Supercell has proven to be pretty nimble when it comes to changes, and have also demonstrated the ability to eat crow over incredibly obvious bad ideas (e.g. the lack of an emote squelch), so I’m hoping that they change this system at some point. As it is, it just creates all the wrong incentives for all the wrong people.

Subtraction Through Addition

One of the new features in Clash Royale are “Tournaments.” Indeed, Supercell believes Tournaments are so important as to rearrange the entire app UI around to feature them prominently. Which is wierd, consider Tournaments are about the most poorly designed thing I’ve seen in any game.

Just imagine this x100.

Even the premise is dumb. At the lowest level, someone offers to pay 500 gems to “host” a 50-man “local” tournament, 49 people join for free, and in this pool everyone plays as many games as possible within the allotted time. The winner of the tournament – which would ideally be the person who started it – will always get less cards than they would have otherwise by spending the gems in the shop.

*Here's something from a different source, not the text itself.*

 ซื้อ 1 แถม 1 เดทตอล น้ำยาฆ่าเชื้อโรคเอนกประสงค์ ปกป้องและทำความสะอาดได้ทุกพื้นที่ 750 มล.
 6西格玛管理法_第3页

Perhaps the joy of creating all this free content for people should suffice, but I don’t anticipate this lasting long. Especially given the fact Supercell introduced a one-time achievement refunding the cost of the lowest-level tournament. Once that dries up… then what?

Part of the design of the tournaments was to reduce the ping issues by concentrating players in closer geographic regions. Which is okay, I guess. But how is that really a solution at all? The tournaments can last for X amount of time (hours or days), but you are of course limited to just the pool of players in the tournament. I haven’t had an issue finding games once in a tournament, but I don’t see how it is effective for, you know, everyone else.

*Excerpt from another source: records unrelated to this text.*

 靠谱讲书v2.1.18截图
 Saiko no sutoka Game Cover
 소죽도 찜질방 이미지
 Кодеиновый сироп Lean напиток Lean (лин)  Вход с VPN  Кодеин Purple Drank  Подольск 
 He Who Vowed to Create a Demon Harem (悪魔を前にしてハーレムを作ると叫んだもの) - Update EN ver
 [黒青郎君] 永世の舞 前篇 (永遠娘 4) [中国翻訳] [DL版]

And don’t even get me started on actually getting into these tournaments. There is a “search” interface that essentially brings up around 10 tournaments, and invariably they all show 50/50. Sprinkled throughout are 49/50 that get your hopes up for a second, before a series of rapid Join presses revealed that they are full. Hell, I saw a 1/200 tournament appear and apparently fill in the time it took my thumb to move half an inch. What moron designer thought this was a good design? Were these not play tested at all? Was there a particular reason why they did not include a “join next available tournament with X criteria” function?

Like I mentioned, I did indeed manage to get into one of the tournaments by some stroke of luck. And it was… okay. I do appreciate the idea that it uses a different ranking system than the outside game, so you are free to experiment more. Plus, since tournament rules are in effect, all the cards are more balanced – no more cheese like someone dropping a level 11 Royal Giant on your lane and calling it a day.

That said, the tournament absolutely encourages you to spam games. Your ranking is determined by trophies, and since you can take them from anybody, that means someone trying to sit on 1st place will soon find themselves slipping down if they don’t keep up. Which, I suppose is better than the alternative, unless you happen to be the highly ranked. For me, I got inside the top 10 after about four games and just sat on my rank with the knowledge that I either had to claw my way to 3rd+, or be fine with 8-10 free cards depending on how many people occilated. Iroically, as I stared at the screen deciding my next move, I actually gained a rank from someone else above me losing a game.

In any case, I find the tournament feature to be an overall net negative for a game in which my interest is already waning. My range in the regular ladder seems to fluctuate between 2800-3000, which means every win is an absolute struggle. Or would be, if I didn’t face people with the previously mentioned level 11 Royal Giants. Which, I guess, is the ladder system working as intended. But it is work, and sometimes ends up taking 30 minutes to get enough chests to last the entire day, even on vacation.

“So stop playing.”

Yeah, it might end up coming to that. Especially since Supercell seems inclined to make no changes to that godddamn Ice Wizard or the Royal Giant.